I received my introduction to quantum computing through the two “bibles” of ion trapping – a very careful study of Leibfried, Blatt, Monroe, and Wineland’s “Quantum dynamics of single trapped ions”, and a much less careful study of Wineland et al’s “Experimental Issues in Coherent Quantum_State Manipulation of Trapped Atomic Ions”. Those are not necessarily light and easy to read – they function more as giant review articles with detailed derivations. It doesn’t seem particularly practical to try to do any kind of journal club writeup of those papers, just because they are so large and unweildly. Instead, I think I’m going to use a series of articles from the “early days” of Ytterbium ion trapping to focus on individual topics, piece by piece. Also, I will point out that Jameson has already written about trapped ions here and here – I would especially recommend the Linke writeup for a wonderful comparison of trapped ion based qubits with superconducting qubits.

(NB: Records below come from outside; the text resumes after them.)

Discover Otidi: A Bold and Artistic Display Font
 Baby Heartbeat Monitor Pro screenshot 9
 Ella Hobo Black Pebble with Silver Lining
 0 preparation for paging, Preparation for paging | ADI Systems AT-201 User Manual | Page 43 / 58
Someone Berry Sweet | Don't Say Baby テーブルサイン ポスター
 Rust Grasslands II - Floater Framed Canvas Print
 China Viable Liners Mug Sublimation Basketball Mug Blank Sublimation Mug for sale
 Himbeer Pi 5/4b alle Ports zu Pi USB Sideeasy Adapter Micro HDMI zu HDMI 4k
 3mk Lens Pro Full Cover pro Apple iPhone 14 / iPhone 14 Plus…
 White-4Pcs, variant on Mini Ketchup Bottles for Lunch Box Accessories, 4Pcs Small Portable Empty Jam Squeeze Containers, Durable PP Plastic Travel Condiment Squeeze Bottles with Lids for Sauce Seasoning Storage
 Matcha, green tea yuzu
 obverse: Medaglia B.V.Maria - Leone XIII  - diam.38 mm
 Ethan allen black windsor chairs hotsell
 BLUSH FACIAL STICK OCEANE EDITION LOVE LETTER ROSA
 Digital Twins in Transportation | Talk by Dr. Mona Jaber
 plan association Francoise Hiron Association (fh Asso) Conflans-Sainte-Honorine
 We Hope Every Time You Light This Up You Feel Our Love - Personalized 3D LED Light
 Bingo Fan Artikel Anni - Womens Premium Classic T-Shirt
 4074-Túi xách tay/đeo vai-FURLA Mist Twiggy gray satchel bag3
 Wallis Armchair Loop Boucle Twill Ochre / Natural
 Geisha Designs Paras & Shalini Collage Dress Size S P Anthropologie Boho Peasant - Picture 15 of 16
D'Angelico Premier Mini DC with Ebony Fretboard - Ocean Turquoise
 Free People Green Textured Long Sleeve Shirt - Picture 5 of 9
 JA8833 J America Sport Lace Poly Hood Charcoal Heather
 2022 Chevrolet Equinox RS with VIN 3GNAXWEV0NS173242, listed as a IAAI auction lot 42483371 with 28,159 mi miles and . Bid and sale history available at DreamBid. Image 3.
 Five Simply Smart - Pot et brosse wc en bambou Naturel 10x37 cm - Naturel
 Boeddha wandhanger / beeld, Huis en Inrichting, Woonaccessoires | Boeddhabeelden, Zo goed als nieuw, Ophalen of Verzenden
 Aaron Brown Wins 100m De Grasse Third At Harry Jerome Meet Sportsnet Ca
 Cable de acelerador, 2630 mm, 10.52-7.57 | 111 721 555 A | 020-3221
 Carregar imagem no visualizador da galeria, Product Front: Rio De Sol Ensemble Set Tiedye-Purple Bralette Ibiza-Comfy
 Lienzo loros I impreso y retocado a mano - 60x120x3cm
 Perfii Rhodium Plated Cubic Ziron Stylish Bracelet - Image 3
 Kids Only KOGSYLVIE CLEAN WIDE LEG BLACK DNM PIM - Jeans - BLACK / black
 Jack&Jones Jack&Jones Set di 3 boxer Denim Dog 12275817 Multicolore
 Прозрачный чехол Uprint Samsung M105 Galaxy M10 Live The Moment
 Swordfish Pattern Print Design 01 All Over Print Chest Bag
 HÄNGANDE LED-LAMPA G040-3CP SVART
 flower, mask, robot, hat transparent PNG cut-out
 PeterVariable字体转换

Bilnov’s 2004 review article features many of the same people from those other two tomes, but seems to be presented in a much more accessible way. The authors begin their discussion on hyperfine qubits, which are so named because of their usage of the hyperfine ground states of a single trapped ion. These separations, of order GHz, typically have incredibly stable line widths. This means that the spacing between these states are extremely well defined, to the point where the hyperfine splitting of the Cesium atom currently serves as the functional definition of the SI second. They also have very long radiative lifetimes, which mean that once you go to an excited state, it is less likely for the qubit to naturally decay back to the ground state, reducing decoherence. Some ions that have a non-zero nuclear spin include 9Be+, 25Mg+, 43Ca+, 87Sr+, 137Ba+, 173Yb+, and 199Hg+.

Before we can get anywhere with these trapped ions, we must first trap them. Earnshaw’s theorem limits us from using purely static (dc) forces to trap charged particles, so we need to use a (Paul) trap. This implementation uses a radio frequency (rf) potential, which is a very rapidly time-varying electromagnetic field creating a pseudopotential, along with dc electrodes to act as the end caps. This type of linear trap typically provides a reasonable harmonic well, so when the ions are cooled and trapped, they are confined to a single location. When multiple ions are loaded in, the Coulomb force forces the ions into a linear array.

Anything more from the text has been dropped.